◆ **Given records**:
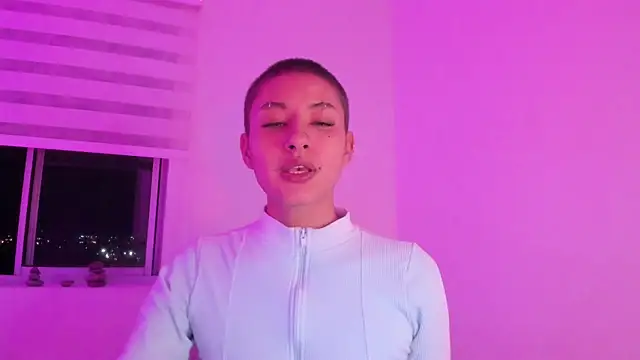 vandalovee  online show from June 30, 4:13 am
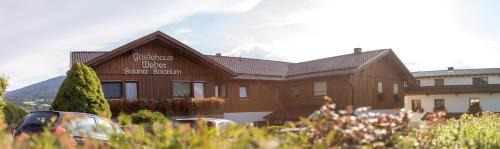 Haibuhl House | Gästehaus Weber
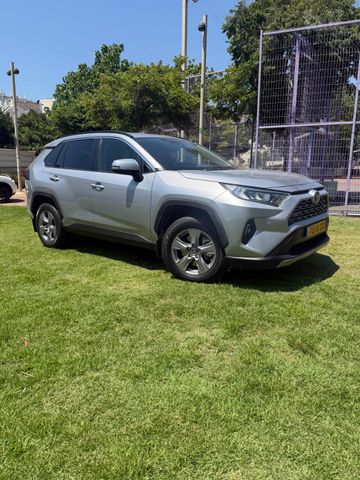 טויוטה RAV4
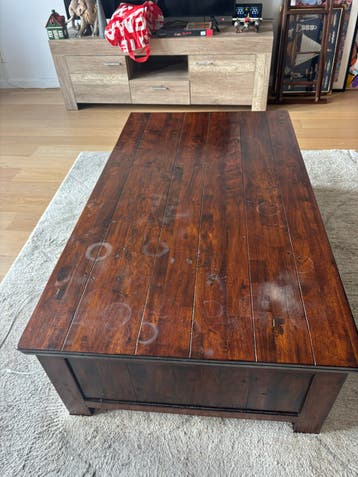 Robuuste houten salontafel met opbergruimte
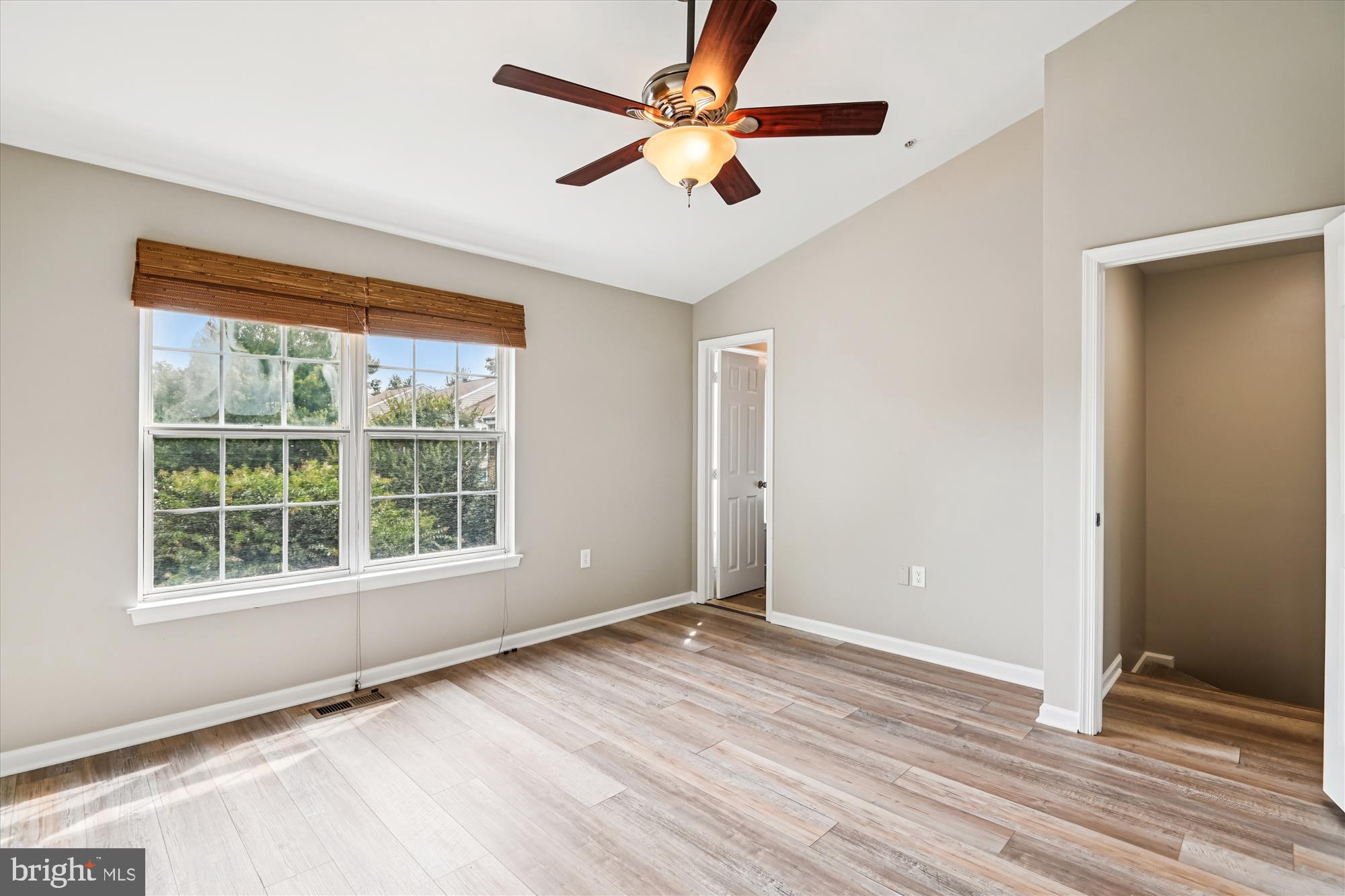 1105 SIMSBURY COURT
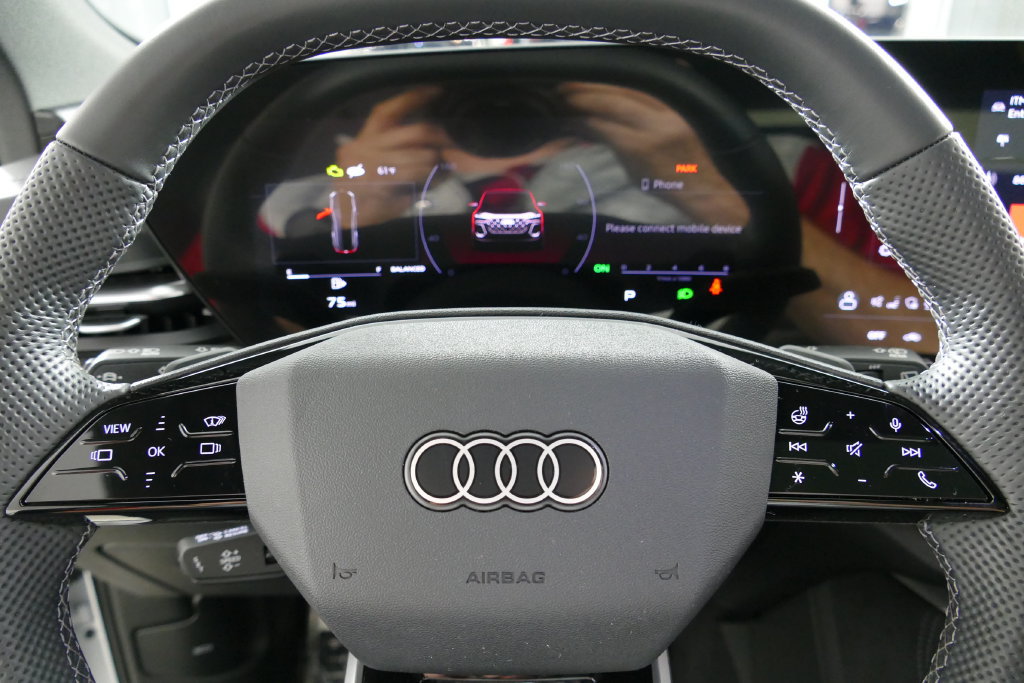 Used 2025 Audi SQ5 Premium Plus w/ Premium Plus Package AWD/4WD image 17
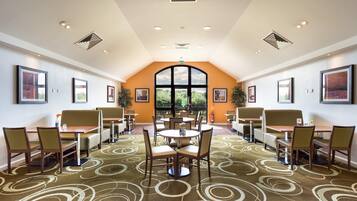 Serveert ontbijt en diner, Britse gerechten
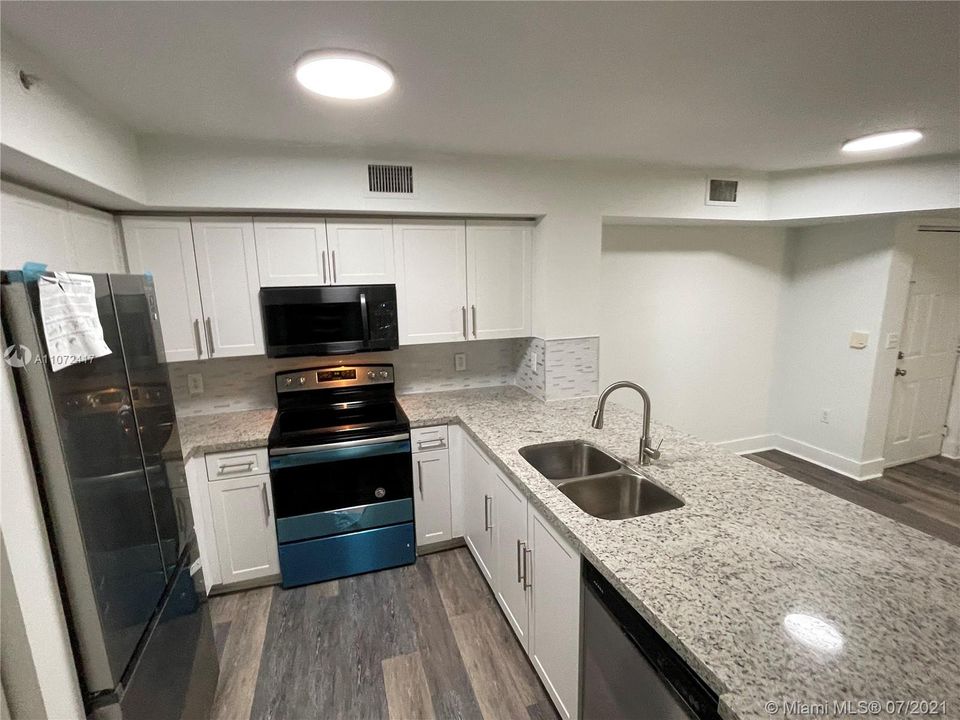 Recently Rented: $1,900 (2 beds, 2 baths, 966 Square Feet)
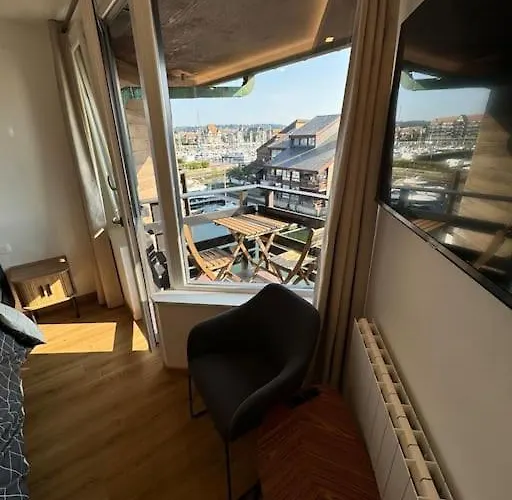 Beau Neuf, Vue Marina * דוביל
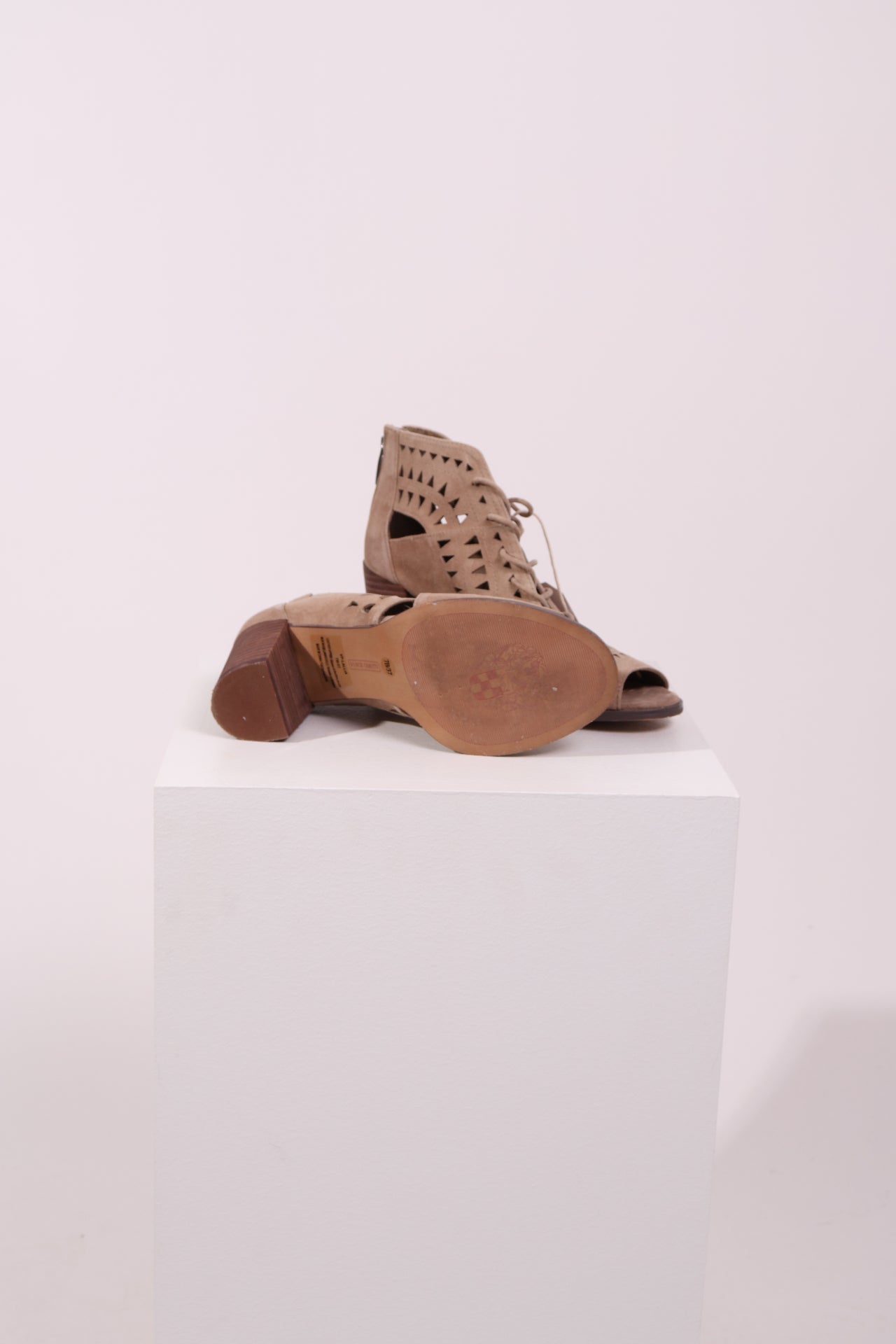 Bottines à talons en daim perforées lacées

◆ **What the task asks**: Everything from the line containing "Recently Rented: $1,900" to the last line of the records above should be reproduced exactly, except the pictures.

◆ **Task solution**:
 Recently Rented: $1,900 (2 beds, 2 baths, 966 Square Feet)
 Beau Neuf, Vue Marina * דוביל
 Bottines à talons en daim perforées lacées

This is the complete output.